But overall a great camp.

Anonymous said...

Reply Luis

I read your points. I am also afraid I cannot agree with you. I will try to be gentle but please bear with me if I sound condeming.

"That's just the same as saying that what's selfish and human is holy."

It is not the same. Our minds are limited to the fact that we cannot understand God perfectly because our minds are tainted by sin. We look at God through our own style of glasses and make decisions which then basically means that we say, "I am God. I know better."

We say, He is unfair to judge based on one man's sin. He is unloving because He sends people to hell. He is unjust because He does not condone what is good and right in our eyes. He is like any other God. and so forth.... I have a question for you, Luis. And I want you to think very carefully.

Consider your life as it is now. Do you lie? Do you get angry? Do you become greedy? Do you covet what other people have? If so... how would you have done any better than Adam did at the start of the world? Looking back we say, "Oh, but I wouldn't have done THAT!"
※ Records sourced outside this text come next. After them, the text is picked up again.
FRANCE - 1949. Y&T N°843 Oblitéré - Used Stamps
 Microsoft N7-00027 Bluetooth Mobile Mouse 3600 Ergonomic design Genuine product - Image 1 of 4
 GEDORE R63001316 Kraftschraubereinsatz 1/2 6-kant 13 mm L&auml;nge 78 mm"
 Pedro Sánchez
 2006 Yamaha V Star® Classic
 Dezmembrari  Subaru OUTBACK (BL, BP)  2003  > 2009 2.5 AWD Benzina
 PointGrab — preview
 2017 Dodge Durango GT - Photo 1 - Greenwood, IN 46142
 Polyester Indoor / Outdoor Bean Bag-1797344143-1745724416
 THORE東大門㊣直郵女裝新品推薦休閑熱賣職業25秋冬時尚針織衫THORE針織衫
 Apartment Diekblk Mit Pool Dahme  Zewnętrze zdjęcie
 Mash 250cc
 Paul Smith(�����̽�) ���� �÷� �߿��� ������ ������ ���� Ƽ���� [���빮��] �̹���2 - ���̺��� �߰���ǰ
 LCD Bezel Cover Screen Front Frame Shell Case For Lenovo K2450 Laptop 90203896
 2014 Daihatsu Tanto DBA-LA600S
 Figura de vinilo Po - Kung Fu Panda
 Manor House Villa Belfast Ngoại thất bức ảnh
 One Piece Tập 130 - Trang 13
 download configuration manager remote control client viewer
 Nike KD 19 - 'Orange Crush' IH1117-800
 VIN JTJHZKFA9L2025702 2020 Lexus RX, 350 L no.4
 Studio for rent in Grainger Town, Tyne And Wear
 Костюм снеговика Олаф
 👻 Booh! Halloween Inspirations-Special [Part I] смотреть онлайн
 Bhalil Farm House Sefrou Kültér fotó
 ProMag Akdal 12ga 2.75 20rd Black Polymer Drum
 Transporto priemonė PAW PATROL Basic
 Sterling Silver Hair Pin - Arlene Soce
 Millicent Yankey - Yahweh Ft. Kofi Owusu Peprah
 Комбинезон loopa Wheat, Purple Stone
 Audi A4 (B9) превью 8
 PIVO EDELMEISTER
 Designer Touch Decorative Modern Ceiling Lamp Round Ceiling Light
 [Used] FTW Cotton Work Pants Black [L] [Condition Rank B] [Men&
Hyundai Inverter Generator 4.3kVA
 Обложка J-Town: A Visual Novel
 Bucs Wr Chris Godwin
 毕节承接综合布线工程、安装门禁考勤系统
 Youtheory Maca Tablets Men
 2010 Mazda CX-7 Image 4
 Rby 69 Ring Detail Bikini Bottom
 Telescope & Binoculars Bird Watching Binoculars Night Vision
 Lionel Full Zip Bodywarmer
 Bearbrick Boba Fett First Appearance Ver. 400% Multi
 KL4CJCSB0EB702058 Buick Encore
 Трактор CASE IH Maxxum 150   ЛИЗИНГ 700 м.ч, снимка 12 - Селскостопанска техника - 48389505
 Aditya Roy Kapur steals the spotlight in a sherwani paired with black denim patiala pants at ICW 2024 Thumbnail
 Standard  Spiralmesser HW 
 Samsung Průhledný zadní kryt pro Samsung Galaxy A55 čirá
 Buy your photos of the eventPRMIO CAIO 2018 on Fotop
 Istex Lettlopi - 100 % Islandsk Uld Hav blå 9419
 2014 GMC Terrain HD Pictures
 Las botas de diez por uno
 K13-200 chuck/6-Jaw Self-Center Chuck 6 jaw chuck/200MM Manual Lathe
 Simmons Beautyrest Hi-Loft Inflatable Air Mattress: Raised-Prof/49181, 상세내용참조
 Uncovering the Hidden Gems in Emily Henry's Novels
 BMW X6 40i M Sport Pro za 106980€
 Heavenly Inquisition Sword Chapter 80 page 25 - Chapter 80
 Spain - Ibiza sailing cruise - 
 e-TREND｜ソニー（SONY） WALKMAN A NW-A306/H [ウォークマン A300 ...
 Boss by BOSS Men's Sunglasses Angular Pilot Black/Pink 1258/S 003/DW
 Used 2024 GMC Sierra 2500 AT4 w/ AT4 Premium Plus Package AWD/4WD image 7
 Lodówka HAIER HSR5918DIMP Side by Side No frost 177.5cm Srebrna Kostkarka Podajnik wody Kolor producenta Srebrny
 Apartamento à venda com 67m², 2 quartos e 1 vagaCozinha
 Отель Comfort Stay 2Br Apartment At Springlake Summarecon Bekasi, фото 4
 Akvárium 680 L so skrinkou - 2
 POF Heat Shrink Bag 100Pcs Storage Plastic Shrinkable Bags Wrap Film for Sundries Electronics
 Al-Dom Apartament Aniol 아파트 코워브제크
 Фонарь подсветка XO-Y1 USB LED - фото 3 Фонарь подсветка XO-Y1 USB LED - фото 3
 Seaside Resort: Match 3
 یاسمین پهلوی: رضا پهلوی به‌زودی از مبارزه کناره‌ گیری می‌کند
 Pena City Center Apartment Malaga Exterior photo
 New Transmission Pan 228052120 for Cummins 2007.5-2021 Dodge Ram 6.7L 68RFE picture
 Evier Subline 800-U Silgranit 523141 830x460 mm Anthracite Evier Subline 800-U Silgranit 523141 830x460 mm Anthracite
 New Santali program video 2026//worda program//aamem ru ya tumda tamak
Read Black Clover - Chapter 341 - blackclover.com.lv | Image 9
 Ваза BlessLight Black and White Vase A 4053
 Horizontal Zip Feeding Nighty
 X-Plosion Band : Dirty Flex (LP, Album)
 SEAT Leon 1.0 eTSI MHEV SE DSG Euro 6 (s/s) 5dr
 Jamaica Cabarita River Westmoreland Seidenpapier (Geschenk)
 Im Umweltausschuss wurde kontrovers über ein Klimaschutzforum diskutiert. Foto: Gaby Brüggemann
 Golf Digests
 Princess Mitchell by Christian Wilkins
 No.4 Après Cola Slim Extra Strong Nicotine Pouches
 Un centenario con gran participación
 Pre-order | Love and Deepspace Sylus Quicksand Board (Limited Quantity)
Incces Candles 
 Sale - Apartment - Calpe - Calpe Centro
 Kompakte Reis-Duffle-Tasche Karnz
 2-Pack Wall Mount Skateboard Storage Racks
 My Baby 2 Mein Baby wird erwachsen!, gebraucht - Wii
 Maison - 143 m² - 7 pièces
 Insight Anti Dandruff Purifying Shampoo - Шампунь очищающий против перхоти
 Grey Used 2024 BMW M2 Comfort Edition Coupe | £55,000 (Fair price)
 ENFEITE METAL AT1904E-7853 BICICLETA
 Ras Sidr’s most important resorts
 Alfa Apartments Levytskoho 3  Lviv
What you forget is that you do wrong things. And looking back at your mistakes I might say, "Oh, but I wouldn't have done THAT!" when I probably make the same mistakes every day.

Anonymous said...

I do not have all the answers. God himself wrote to the Israelites

"The secret things belong to the Lord"

And that is as true today as it was back then. All of the other religions that I know of state this... Do good and maybe your good will out way your bad and you will go to paradise.

True Christianity is the total opposite. God says that even our good works are like filthy rags. Tossed in the wind. The only way we can be clean before him is through a sacrifice. And the only pure and unblemished sacrifice for our sins was Jesus Christ. No one else would suffice. What does that say of God's love for us in that while we were yet sinners, He sent is only beloved Son to die on a cross, the most humiliating death possible, for our sins. Christ was flogged, nailed to a cross of wood. He died and rose again the third day, and offer me and every person out there the hope of being a child of God.

I will agree with you that it is hard to obey God. Hard to follow in Jesus' footsteps. But the joy of listening to what Christ says, the joy of having a personal relationship with God, the peace of knowing that I am never alone no matter the trouble, is worth missing out on what this world has to offer.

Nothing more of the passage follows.